- WHAT THIS TASK INVOLVES -
For the data below, retype word for word the lines from the one containing "Snapshot of mei_hosina" through the one containing "Taken with the"; drop the pictures.

- EXCERPTED RECORDS -
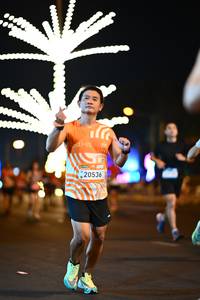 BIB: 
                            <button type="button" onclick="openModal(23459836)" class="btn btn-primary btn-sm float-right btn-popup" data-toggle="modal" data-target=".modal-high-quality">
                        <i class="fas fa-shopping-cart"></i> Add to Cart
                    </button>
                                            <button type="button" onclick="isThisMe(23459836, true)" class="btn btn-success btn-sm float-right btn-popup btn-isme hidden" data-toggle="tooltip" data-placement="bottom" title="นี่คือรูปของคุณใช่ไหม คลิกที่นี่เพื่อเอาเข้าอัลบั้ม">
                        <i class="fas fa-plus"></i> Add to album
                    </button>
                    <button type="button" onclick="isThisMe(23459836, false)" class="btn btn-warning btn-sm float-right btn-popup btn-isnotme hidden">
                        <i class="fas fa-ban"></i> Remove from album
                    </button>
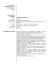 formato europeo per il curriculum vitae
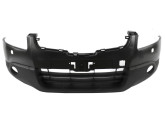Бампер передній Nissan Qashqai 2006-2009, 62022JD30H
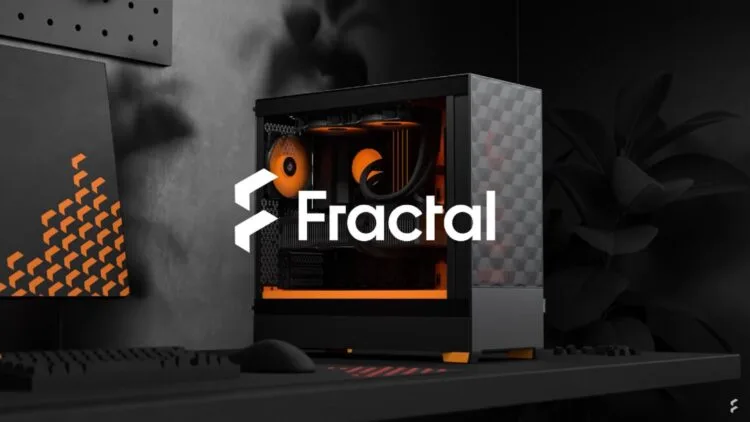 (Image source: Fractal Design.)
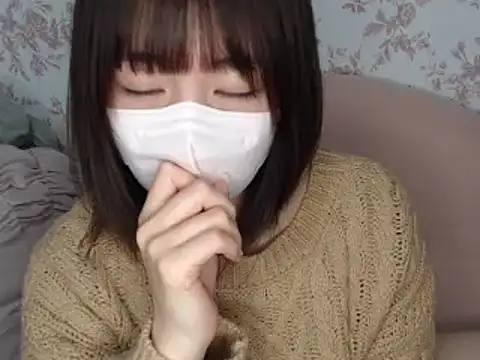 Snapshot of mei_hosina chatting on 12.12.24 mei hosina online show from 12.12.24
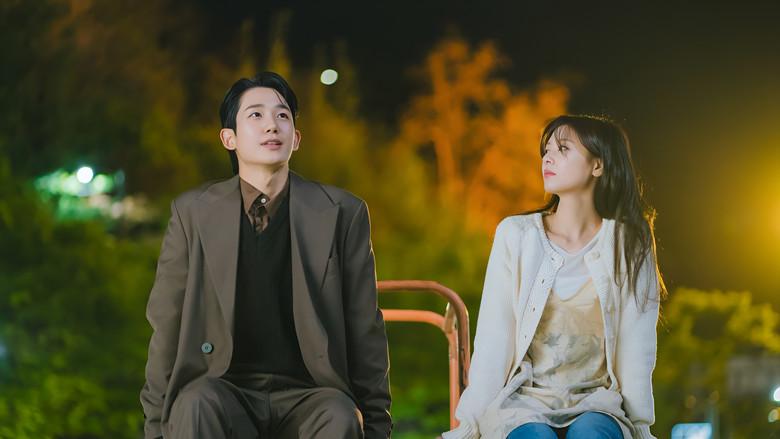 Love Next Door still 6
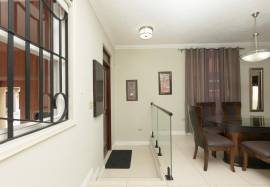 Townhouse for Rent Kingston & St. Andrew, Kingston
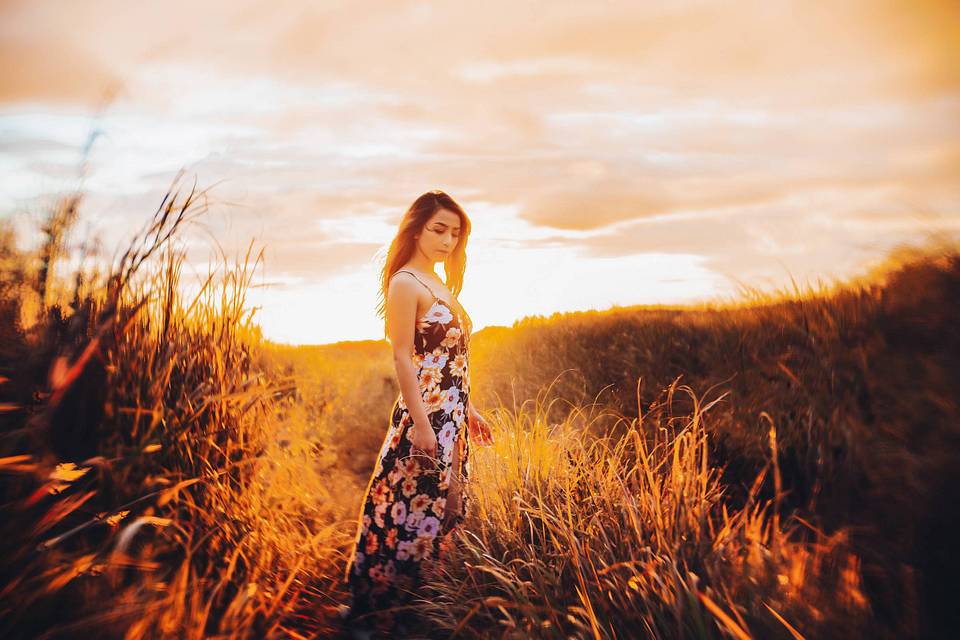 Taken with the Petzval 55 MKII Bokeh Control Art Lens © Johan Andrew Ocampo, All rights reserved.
--
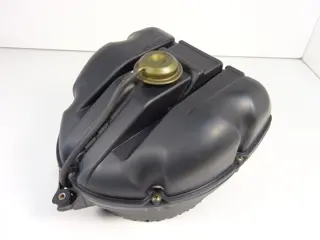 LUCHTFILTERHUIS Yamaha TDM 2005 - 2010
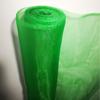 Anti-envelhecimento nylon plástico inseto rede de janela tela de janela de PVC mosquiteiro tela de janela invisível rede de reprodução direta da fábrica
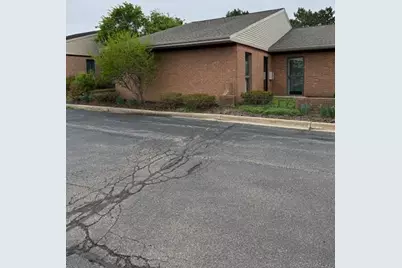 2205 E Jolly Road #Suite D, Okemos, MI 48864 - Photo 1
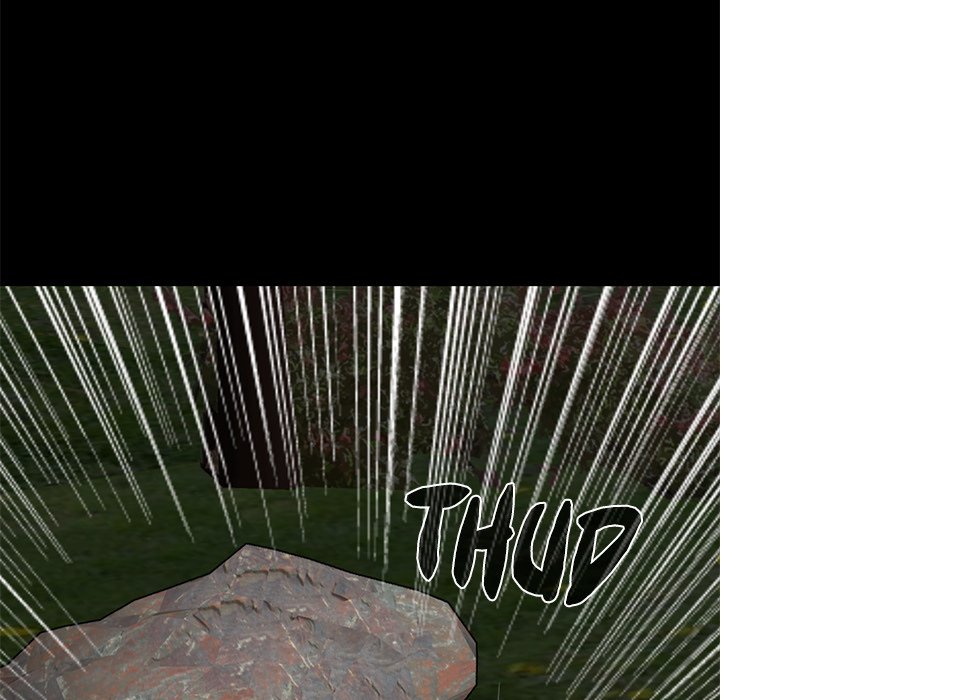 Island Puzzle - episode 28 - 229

- SOLUTION TO THE PROBLEM -
 Snapshot of mei_hosina chatting on 12.12.24 mei hosina online show from 12.12.24
 Love Next Door still 6
 Townhouse for Rent Kingston & St. Andrew, Kingston
 Taken with the Petzval 55 MKII Bokeh Control Art Lens © Johan Andrew Ocampo, All rights reserved.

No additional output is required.